Crawled caption data:

......

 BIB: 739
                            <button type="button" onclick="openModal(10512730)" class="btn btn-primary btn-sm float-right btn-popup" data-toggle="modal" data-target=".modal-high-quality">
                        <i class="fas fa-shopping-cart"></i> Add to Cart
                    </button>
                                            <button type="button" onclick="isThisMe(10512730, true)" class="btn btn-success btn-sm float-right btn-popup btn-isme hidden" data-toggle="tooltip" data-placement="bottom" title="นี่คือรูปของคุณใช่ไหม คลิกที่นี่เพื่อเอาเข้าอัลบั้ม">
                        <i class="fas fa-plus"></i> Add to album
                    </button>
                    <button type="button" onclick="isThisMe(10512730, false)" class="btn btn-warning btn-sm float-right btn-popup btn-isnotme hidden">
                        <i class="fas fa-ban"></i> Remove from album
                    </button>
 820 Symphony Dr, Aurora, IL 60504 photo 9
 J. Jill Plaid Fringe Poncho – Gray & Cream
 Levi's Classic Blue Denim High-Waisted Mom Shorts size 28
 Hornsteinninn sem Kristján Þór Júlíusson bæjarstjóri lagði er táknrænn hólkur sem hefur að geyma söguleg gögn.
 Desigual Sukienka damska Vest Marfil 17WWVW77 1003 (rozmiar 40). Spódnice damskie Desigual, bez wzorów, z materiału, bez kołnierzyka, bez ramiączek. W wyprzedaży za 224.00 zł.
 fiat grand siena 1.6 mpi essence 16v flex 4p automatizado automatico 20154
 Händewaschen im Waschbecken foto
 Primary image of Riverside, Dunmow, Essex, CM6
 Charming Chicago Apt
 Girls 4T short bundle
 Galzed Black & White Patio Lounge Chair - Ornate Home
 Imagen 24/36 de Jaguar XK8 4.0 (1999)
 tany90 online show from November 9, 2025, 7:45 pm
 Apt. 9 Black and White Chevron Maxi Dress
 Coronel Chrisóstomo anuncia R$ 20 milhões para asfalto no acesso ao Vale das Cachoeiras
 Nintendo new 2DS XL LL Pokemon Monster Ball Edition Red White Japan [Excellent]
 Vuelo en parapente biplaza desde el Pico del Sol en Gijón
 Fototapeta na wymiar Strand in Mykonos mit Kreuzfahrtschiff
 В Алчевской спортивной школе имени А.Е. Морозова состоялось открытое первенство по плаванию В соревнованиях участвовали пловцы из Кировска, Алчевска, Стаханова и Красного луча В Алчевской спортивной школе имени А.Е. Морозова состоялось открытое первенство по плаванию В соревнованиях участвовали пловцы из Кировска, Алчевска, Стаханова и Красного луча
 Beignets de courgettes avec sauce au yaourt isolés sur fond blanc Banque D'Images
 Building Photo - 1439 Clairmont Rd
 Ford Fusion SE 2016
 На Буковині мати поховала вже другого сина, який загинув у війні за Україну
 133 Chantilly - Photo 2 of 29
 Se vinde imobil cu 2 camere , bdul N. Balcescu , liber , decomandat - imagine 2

......

**Work request:** Search the data above for lines holding "Black" and copy each of them.

**Task output:**
 Galzed Black & White Patio Lounge Chair - Ornate Home
 Apt. 9 Black and White Chevron Maxi Dress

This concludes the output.